### HOW TO COMPLETE THIS TASK
Output, exactly and in full, only the lines from the one containing "Fototapeta premium City" to the last line of the data. Pictures should not appear.

### DATA SECTION
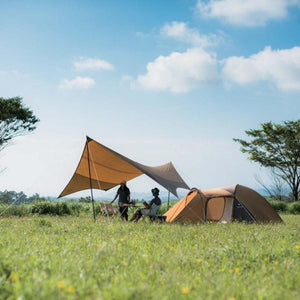 Two people sitting under a tan tarp next to a brown tent in a grassy field
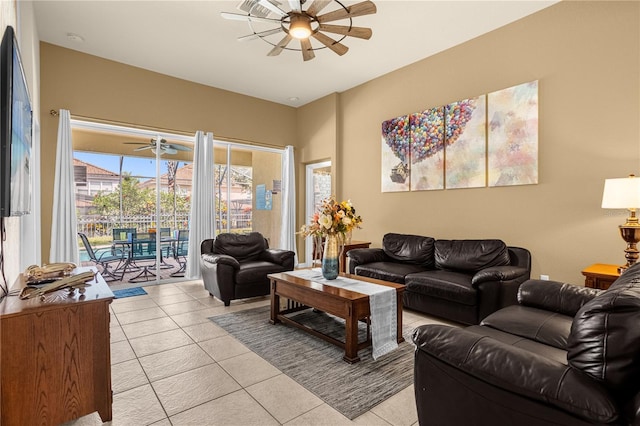 tiled living room with ceiling fan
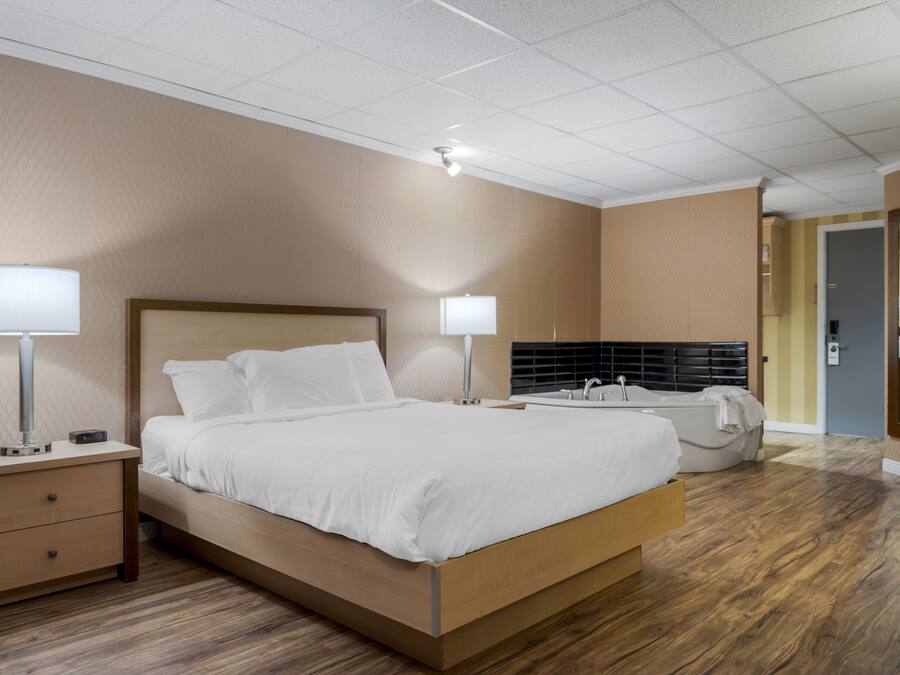 A modern hotel room with a wooden bed, bedside lamps, a bathroom with a bathtub, and a wooden floor.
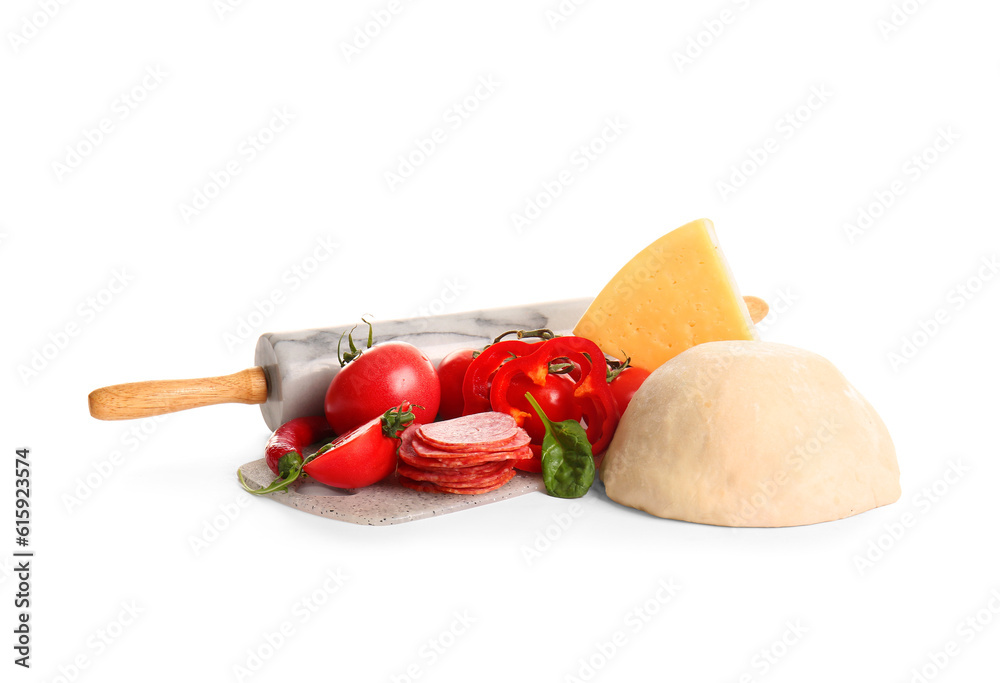 Raw dough and ingredients for preparing pizza on white background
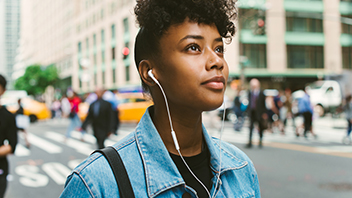 woman-walking-in-the-street-with-earphones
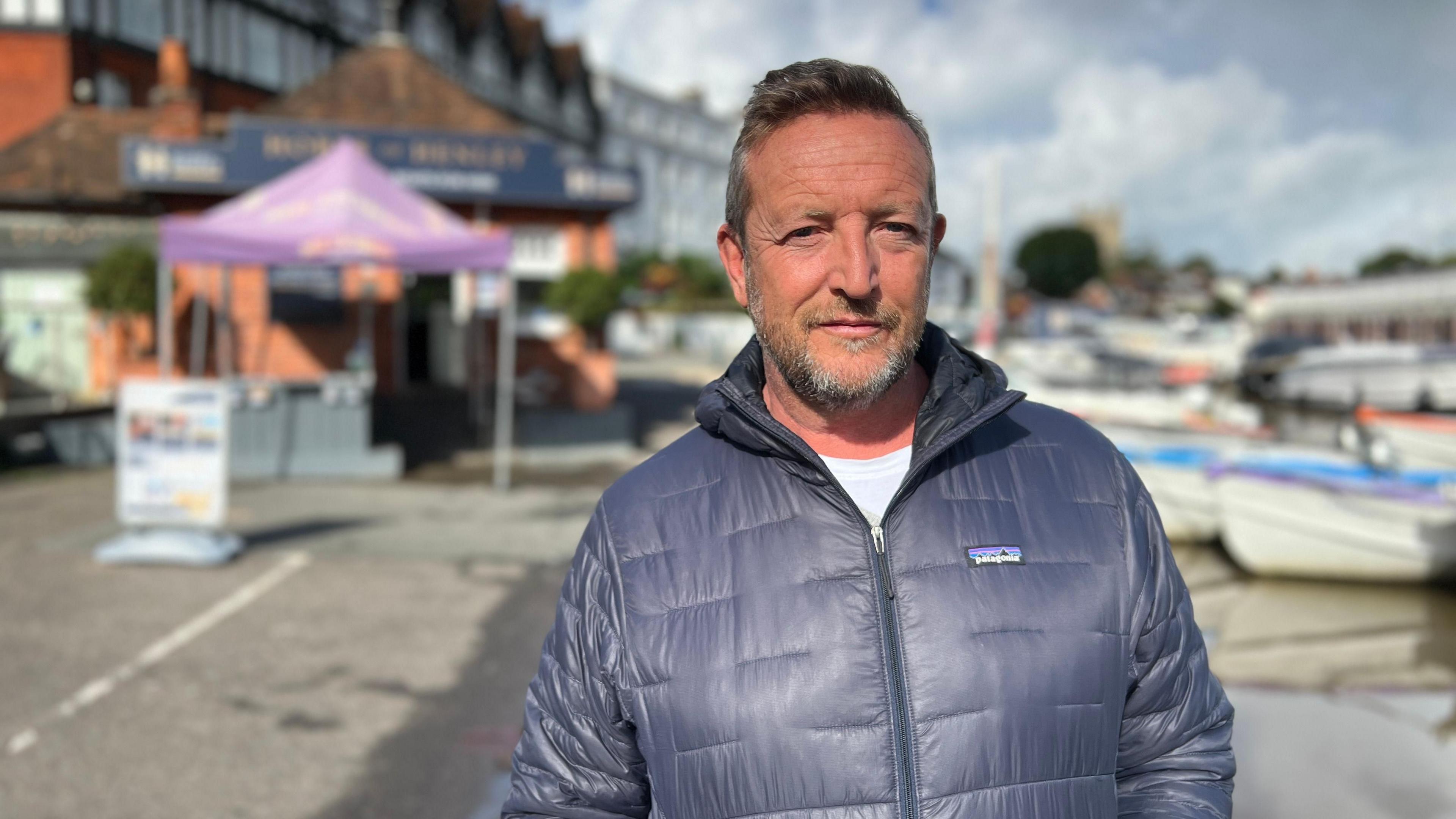 Jonathan Hobbs, with short blonde hair and stubble and wearing a blue waterproof coat, stands in front of a waterfront with boats lined up on one side.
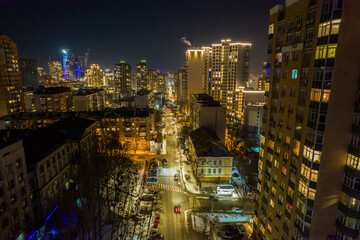 Fototapeta premium City landscape in Kyiv at night. Aerial photography.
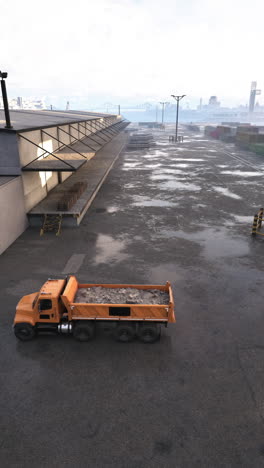 a dump truck parked outside a large warehouse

### RESULT OF THE TASK
 Fototapeta premium City landscape in Kyiv at night. Aerial photography.
 a dump truck parked outside a large warehouse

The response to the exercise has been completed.